Hundred Acre Wood was designed by the always-interesting Denizen Works and is located in Scotland, in a beautiful rural area overlooking Loch Awe.
The exterior of the house is finished in recycled TV screens. The idea actually began as a joke referencing the owner's dislike of television and involved recycling the TVs by crushing their screens into an aggregate, resulting in an attractive and unusual silvery look that glints in the sunshine. The interior is arranged around a large central hall, with other notable design touches including an oculus lined in gold leaf and a bathroom with twin copper baths overlooking the rocky landscape.
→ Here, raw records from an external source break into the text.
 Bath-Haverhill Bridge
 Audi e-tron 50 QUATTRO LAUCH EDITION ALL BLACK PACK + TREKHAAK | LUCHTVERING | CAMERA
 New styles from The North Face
Saltmarsh House was designed by last year's Stirling Prize winner Niall McLaughlin Architects and is located on the Isle of Wight, off the coast of southern England.
It references the traditional pitched-roofed greenhouses that previously graced the gardens of the larger Victorian house that the project is situated in with a pyramidal copper roof. Its tastefully finished interior sports generous glazing, including skylights and large windows which frame views of a nearby harbor. The home is also rated to the stringent Passivhaus green building standard and is extremely energy efficient to heat and cool throughout the year.
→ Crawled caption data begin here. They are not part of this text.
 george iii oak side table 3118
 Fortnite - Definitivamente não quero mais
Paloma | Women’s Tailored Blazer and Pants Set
Made of Sand was designed by Studio Weave and consists of a two-story house extension in Devonshire that offers a contemporary riff on traditional stone cottages.
Studio Weave worked with local craftsmen, including a cob specialist, to create the extension, which helps complement the small rooms of the existing cottage with larger and flexible open-plan spaces with glazing offering views of the surrounding landscape. It's finished in red western cedar cladding that's slowly weathering into a silvery hue.
London's Green House was designed by Hayhurst and Co and involved replacing a building in extremely poor condition with a modern and energy efficient family home.
The new house is set back from the road and defined by its front, which is made up of sliding polycarbonate roofing sheets, and has lots of greenery both inside and outside. The interior is arranged around an internal courtyard and first floor balcony, while its atrium is cleverly designed to promote stack ventilation. Its rooms are quite large but can be subdivided using curtains if required, for maximum flexibility.
Farnham's Middle Avenue, by Rural Office, was created for the clients and their grown-up children as an adaptable family home.
Like recent Stephen Lawrence Prize winner the Lighthouse Children's Home, the residence is influenced by the Arts and Crafts style and is a triumph of subtle interior design. Visitors enter into a smallish lobby then move into an impressive triple-height hall that forms the center of the interior. The main living spaces all connect outwards from this hall, with private spaces like bedrooms and bathrooms upstairs. Timber, brickwork and painted plaster are also used to great effect throughout.